Abstract:
OBJECTIVE To construct a medication education knowledge base for patients with chronic kidney disease(CKD) by integrating the context understanding capability of large language models(LLM) with the dynamic knowledge retrieval mechanism of retrieval-augmented generation(RAG), a multimodal medication guidance system is constructed to enhance the safety and compliance of patients’ medication use, and to assist medical professionals.
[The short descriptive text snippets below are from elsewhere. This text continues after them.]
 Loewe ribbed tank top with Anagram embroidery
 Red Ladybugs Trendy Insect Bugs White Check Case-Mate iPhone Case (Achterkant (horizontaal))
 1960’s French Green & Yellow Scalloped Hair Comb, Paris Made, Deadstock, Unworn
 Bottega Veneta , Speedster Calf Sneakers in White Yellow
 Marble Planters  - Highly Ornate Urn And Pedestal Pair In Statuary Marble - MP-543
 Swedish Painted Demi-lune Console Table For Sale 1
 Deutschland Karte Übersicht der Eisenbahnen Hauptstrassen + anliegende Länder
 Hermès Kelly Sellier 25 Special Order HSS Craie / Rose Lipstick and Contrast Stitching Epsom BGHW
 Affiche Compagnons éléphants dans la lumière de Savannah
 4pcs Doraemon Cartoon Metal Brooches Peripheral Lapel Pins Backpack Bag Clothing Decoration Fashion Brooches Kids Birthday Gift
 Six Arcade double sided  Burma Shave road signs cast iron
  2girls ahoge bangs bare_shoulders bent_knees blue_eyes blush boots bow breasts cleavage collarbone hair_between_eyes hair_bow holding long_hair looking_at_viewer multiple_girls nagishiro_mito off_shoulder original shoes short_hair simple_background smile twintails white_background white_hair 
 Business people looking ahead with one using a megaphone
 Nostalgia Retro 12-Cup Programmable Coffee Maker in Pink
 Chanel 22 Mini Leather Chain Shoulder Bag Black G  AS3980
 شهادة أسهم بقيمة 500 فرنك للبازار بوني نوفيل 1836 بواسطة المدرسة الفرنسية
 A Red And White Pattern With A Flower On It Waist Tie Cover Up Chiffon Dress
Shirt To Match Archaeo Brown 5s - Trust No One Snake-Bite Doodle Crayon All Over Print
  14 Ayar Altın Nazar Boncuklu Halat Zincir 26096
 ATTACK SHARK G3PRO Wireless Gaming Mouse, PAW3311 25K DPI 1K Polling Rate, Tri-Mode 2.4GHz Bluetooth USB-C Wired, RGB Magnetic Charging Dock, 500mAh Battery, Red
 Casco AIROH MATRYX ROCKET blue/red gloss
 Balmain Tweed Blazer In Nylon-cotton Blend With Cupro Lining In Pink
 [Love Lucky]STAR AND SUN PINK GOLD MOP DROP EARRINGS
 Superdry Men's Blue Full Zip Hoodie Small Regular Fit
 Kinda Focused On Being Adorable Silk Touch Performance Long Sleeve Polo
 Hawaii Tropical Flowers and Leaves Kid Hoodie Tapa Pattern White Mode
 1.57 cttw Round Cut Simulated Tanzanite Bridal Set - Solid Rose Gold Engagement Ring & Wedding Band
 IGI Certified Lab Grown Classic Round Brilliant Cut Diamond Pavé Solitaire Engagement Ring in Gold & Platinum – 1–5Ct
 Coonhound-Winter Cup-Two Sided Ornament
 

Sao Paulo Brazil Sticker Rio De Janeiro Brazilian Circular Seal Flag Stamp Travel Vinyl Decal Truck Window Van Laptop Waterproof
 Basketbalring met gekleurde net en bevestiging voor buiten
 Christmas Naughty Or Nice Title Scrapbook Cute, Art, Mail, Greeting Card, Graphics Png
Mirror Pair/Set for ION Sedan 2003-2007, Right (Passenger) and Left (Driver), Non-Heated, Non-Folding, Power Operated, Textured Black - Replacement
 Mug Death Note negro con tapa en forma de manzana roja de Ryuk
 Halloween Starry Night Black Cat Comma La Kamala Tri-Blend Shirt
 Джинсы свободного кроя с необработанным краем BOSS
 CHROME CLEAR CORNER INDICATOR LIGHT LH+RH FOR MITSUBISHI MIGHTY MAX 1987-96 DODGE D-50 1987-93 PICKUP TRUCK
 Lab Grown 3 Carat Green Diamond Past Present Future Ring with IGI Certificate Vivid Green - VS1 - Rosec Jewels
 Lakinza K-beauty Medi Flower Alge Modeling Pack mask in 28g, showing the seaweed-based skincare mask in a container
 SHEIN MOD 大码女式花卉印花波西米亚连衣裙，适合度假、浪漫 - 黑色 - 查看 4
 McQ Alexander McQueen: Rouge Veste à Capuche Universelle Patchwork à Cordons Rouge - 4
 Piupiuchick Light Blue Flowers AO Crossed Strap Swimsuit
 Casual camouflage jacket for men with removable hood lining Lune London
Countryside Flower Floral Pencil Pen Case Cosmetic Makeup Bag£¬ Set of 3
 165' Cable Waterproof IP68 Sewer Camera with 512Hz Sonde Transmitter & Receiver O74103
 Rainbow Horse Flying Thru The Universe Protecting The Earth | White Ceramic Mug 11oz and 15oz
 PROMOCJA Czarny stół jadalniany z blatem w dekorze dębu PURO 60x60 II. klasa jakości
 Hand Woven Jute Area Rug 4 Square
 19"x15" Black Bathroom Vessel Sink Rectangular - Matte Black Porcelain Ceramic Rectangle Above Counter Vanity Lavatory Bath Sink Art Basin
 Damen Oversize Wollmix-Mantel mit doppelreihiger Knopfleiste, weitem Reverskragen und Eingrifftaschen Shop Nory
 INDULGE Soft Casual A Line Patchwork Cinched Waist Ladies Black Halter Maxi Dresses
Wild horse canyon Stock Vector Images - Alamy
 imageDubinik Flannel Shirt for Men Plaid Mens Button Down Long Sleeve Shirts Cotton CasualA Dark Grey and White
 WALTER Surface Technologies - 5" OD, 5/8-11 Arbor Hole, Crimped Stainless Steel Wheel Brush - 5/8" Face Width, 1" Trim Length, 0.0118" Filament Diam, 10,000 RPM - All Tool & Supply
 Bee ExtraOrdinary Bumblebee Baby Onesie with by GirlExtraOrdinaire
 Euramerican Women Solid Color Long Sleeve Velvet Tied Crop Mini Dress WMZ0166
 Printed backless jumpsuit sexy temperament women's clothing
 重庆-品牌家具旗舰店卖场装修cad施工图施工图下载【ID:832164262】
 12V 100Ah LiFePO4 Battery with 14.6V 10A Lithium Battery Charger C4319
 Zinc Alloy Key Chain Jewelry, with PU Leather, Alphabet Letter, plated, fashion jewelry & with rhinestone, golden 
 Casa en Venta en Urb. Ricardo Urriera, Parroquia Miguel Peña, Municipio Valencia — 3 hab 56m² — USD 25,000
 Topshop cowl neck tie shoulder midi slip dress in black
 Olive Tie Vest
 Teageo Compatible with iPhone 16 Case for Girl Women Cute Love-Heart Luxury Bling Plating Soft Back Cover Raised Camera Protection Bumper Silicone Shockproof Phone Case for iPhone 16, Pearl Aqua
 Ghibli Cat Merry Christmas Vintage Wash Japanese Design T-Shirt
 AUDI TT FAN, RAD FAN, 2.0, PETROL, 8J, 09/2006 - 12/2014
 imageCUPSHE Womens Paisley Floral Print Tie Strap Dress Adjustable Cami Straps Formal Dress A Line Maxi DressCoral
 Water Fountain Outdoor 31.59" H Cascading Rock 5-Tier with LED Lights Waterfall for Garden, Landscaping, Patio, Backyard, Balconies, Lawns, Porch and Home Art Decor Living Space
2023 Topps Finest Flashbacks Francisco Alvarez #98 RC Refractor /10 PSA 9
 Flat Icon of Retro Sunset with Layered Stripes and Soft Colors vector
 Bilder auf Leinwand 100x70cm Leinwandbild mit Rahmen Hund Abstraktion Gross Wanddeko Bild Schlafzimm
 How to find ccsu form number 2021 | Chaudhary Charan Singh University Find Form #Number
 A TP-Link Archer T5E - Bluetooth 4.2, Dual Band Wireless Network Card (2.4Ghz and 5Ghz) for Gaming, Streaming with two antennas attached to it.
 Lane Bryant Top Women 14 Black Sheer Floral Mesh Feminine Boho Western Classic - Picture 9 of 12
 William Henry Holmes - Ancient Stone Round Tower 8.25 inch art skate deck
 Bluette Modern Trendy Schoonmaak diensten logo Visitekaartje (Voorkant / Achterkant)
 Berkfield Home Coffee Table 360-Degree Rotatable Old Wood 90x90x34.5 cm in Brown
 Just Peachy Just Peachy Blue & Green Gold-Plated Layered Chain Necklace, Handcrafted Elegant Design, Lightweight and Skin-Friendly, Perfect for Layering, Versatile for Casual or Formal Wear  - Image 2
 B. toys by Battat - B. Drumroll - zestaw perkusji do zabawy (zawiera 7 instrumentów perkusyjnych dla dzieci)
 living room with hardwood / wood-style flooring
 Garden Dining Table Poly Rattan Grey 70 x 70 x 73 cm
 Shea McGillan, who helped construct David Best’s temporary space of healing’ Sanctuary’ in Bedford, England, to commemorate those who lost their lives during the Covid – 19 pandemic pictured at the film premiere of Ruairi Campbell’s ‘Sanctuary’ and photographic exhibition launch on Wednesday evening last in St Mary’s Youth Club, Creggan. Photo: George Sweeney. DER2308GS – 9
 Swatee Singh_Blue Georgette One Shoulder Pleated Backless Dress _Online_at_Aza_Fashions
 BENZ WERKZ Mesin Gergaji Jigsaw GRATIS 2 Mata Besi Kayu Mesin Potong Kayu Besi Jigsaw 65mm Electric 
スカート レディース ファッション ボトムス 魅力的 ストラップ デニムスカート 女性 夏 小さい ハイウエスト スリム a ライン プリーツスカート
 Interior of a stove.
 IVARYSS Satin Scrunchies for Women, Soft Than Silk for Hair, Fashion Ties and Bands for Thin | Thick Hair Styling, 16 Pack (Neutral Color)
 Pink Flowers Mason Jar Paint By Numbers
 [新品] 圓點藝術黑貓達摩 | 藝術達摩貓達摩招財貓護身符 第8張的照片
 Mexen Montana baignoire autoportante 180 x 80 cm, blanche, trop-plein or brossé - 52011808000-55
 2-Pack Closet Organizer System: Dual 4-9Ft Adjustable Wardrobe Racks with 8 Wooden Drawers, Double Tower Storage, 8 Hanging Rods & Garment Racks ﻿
METHODS The model was built through methods such as data collection and preprocessing, model construction and training, technology integration, knowledge base construction and maintenance, as well as system evaluation and optimization. Thirty CKD-related questions were designed, and three major Chinese LLMs, namely Kimi, Xunfei Starfire(Spark), and Zhipu, were selected for comparative evaluation. Ten clinical pharmacists from the nephrology department rated the models based on five dimensions: accuracy, completeness, relevance, logic, and professionalism. The focus was on evaluating the clinical logical consistency, evidence traceability completeness, and accuracy of contraindications identification of the model in the CKD scenario. Each pharmacist rated the responses of the three model processing methods(basic model, adding prompts, adding knowledge base) separately, and a total of 30 rating forms were collected. At the same time, time investment data for the four stages of requirement analysis, rule design, system training and testing, deployment and optimization were collected from 5 software development companies, and the time consumption differences between the traditional development mode and the LLM+RAG mode were compared. Two-factor and one-factor analysis of variance were used to evaluate the differences in model scores, and paired t-tests were used to analyze the differences in development time(P<0.05 was considered statistically significant for the difference to be significant).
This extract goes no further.